■ Problem requirements ■
Look through the data below and, wherever a line carries the word "illustration", please copy that line.

---------------

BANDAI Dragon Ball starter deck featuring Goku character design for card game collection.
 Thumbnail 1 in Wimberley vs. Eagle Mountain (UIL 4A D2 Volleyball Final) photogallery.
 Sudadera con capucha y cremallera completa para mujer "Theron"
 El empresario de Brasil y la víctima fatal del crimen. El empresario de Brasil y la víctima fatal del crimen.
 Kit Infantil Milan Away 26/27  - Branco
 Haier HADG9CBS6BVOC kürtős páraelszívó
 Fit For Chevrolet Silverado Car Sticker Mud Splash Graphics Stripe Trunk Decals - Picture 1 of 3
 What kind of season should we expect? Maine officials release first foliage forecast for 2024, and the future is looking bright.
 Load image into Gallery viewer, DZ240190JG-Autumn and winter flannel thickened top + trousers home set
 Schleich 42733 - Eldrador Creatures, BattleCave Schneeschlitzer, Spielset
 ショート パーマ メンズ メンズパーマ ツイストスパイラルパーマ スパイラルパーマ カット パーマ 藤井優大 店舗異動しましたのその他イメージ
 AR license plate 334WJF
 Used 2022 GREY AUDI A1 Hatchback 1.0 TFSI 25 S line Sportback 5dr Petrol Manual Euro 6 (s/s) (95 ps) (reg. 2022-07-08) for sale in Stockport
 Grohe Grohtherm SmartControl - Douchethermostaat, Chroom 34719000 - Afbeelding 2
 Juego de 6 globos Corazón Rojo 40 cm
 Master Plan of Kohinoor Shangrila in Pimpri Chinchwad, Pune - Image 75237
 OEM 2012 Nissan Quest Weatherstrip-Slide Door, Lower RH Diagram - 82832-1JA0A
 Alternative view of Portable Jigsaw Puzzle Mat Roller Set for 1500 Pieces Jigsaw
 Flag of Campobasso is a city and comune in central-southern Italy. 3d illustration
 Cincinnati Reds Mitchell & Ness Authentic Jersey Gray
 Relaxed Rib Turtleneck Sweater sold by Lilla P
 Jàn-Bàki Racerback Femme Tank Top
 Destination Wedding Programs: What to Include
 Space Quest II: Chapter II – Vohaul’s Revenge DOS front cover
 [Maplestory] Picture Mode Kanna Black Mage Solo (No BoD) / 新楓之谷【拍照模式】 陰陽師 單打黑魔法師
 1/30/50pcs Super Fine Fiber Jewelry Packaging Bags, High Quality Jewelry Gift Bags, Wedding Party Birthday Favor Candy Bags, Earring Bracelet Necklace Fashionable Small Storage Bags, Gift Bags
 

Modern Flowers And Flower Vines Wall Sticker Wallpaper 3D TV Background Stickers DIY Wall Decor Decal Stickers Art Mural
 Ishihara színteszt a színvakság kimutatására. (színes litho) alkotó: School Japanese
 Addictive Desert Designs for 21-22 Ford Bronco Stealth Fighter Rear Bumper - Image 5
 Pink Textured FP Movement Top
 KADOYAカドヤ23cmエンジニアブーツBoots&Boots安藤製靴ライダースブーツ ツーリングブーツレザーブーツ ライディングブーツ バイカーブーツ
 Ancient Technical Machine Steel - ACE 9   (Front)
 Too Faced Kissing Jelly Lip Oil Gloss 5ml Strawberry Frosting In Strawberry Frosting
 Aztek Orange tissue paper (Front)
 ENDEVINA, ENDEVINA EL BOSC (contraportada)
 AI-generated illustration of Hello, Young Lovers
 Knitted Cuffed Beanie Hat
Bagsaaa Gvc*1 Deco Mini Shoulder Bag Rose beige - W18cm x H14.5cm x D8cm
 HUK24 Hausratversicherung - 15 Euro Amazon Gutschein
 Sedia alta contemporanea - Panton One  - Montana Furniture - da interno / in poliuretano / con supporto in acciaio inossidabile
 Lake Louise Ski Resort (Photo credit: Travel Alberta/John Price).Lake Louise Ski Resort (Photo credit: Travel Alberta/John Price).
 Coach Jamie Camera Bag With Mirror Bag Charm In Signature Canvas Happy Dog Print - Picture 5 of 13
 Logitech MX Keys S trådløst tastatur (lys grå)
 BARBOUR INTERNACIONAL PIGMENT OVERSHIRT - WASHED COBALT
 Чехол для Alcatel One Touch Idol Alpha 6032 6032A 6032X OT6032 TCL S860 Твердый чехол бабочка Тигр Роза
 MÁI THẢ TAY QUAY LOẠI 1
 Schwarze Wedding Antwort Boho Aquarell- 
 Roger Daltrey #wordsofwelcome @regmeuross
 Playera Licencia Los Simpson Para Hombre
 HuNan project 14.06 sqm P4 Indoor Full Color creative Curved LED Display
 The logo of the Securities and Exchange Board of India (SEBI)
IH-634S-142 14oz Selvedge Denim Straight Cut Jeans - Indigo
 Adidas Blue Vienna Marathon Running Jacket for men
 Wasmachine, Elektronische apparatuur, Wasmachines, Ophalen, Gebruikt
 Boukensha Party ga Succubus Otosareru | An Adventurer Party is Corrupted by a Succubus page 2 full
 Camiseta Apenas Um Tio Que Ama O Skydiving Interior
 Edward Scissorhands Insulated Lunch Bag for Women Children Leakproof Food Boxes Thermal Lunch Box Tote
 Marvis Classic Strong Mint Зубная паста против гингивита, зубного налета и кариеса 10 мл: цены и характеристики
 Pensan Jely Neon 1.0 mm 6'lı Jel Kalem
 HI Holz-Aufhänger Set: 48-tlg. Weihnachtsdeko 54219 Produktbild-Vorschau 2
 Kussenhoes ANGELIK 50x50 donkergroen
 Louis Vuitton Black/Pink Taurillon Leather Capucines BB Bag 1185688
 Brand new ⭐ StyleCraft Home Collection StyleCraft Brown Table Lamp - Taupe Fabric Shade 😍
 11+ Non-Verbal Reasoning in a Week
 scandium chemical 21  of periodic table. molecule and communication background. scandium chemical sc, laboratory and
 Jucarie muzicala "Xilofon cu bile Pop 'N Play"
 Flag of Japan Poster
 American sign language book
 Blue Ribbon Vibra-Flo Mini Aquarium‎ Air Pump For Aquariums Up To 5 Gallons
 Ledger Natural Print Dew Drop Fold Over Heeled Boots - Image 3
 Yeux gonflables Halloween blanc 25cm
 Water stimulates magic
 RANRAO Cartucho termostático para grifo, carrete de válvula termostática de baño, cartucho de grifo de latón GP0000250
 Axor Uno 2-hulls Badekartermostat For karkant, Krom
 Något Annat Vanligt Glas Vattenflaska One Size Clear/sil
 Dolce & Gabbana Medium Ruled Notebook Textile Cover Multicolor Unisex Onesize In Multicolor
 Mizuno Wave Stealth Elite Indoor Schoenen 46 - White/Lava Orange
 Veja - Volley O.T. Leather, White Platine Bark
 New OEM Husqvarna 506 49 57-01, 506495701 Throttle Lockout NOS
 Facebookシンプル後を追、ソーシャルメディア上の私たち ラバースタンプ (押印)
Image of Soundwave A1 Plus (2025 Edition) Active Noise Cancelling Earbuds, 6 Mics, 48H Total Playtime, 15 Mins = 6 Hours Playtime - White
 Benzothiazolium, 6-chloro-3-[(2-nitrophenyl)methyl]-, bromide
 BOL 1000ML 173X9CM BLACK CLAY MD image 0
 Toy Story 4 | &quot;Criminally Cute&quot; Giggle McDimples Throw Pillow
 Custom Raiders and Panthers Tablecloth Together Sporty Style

---------------

■ Exercise response ■
 Flag of Campobasso is a city and comune in central-southern Italy. 3d illustration
 AI-generated illustration of Hello, Young Lovers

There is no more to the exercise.